Short text fragments from websites:
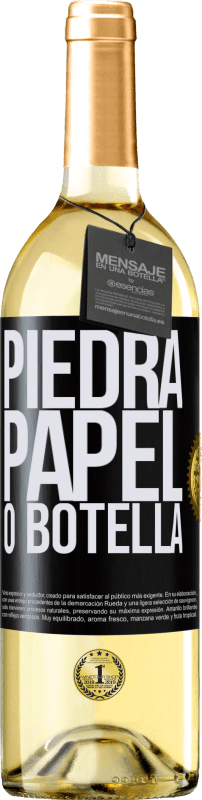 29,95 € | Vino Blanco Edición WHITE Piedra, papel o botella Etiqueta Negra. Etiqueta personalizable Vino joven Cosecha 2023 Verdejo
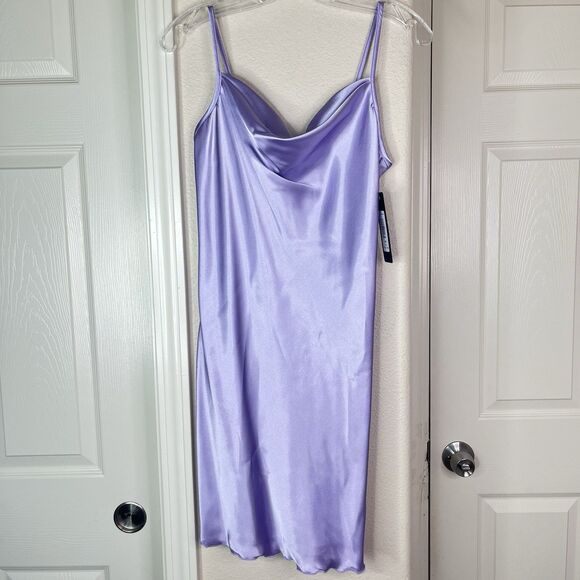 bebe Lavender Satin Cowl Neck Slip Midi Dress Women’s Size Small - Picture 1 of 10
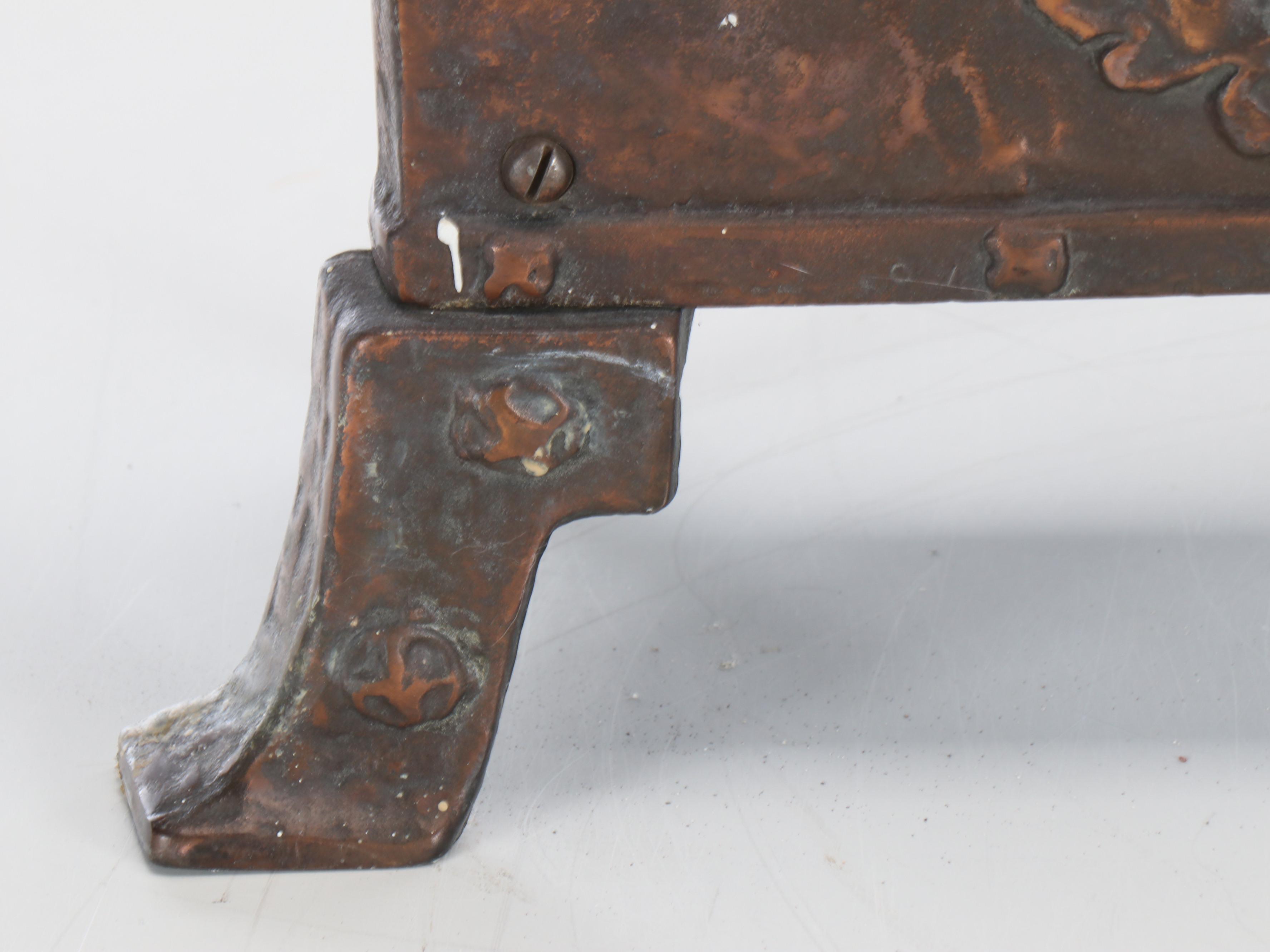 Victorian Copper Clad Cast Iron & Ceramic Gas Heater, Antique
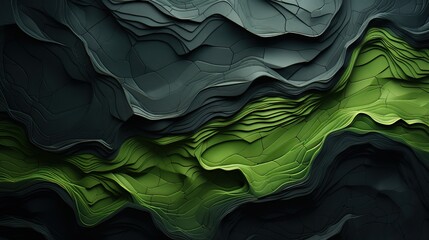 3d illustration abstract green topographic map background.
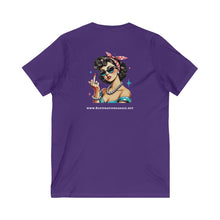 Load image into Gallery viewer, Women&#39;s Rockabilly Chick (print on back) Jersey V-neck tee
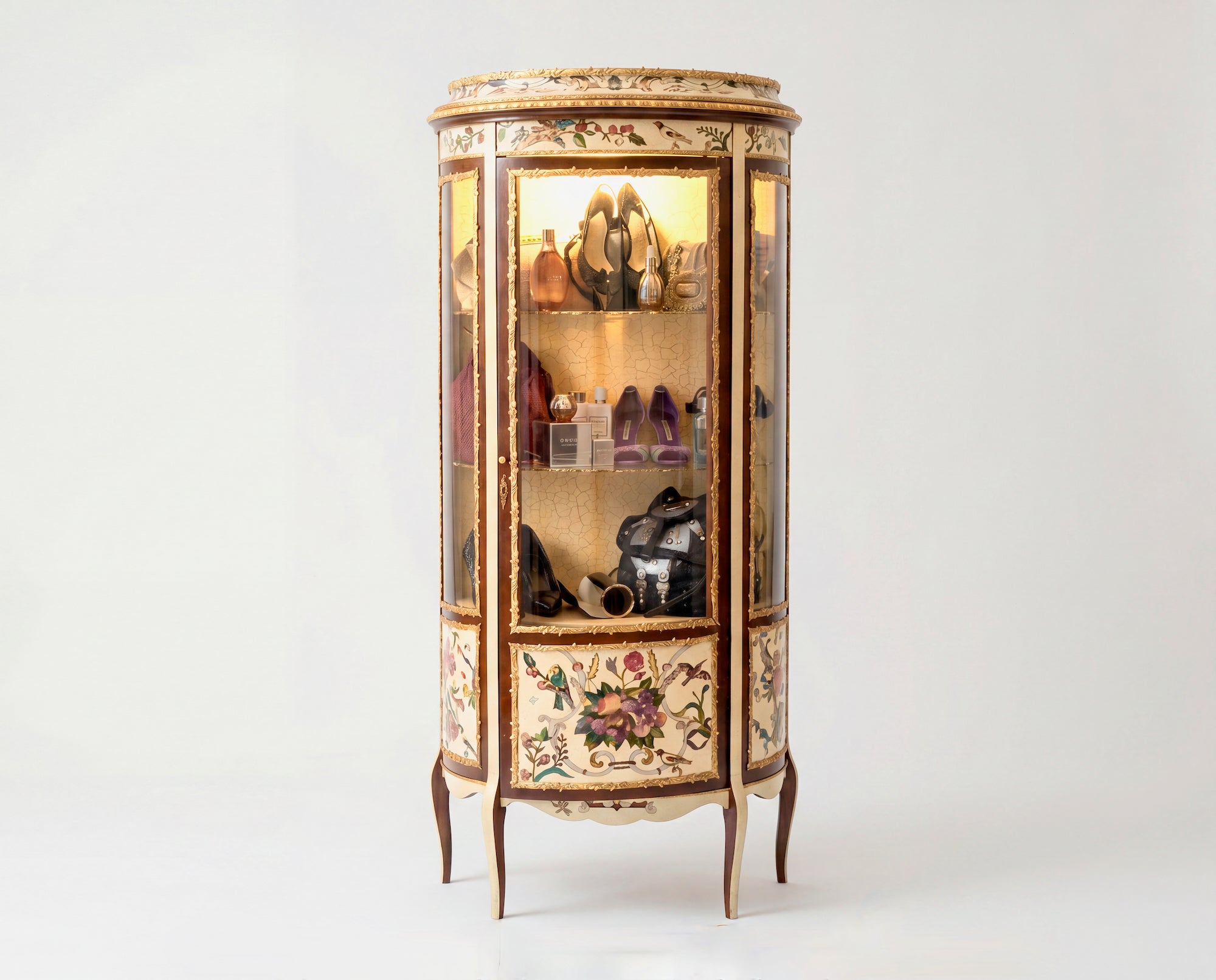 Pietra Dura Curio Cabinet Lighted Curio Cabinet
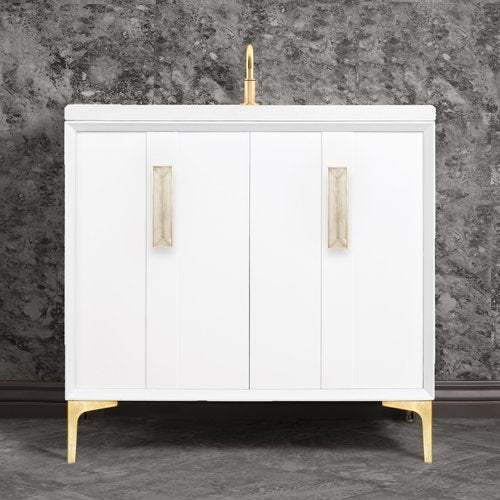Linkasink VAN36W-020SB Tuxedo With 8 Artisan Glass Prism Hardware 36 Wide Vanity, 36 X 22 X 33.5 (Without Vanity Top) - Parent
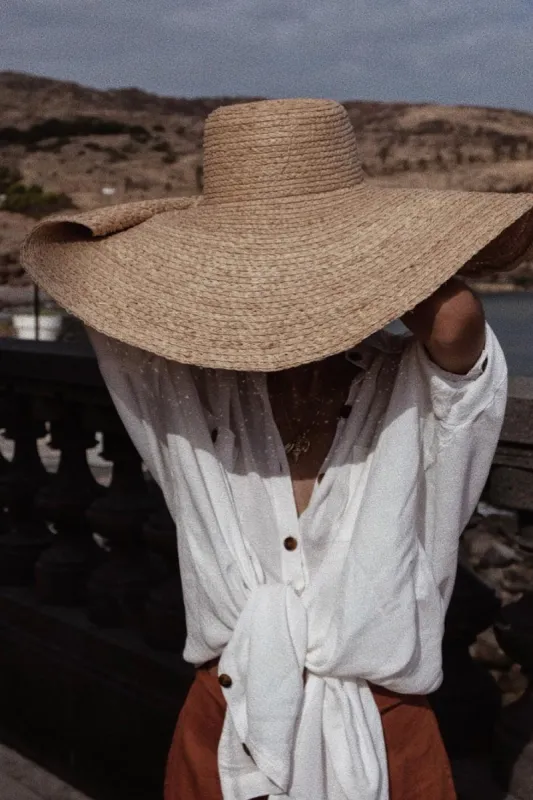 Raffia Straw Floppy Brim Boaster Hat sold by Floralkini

• _Task brief_:
Pictures stay out of the copy; please restate every record above exactly.

• _Reply_:
 29,95 € | Vino Blanco Edición WHITE Piedra, papel o botella Etiqueta Negra. Etiqueta personalizable Vino joven Cosecha 2023 Verdejo
 bebe Lavender Satin Cowl Neck Slip Midi Dress Women’s Size Small - Picture 1 of 10
 Victorian Copper Clad Cast Iron & Ceramic Gas Heater, Antique
 3d illustration abstract green topographic map background.
 Load image into Gallery viewer, Women&#39;s Rockabilly Chick (print on back) Jersey V-neck tee
 Pietra Dura Curio Cabinet Lighted Curio Cabinet
Linkasink VAN36W-020SB Tuxedo With 8 Artisan Glass Prism Hardware 36 Wide Vanity, 36 X 22 X 33.5 (Without Vanity Top) - Parent
 Raffia Straw Floppy Brim Boaster Hat sold by Floralkini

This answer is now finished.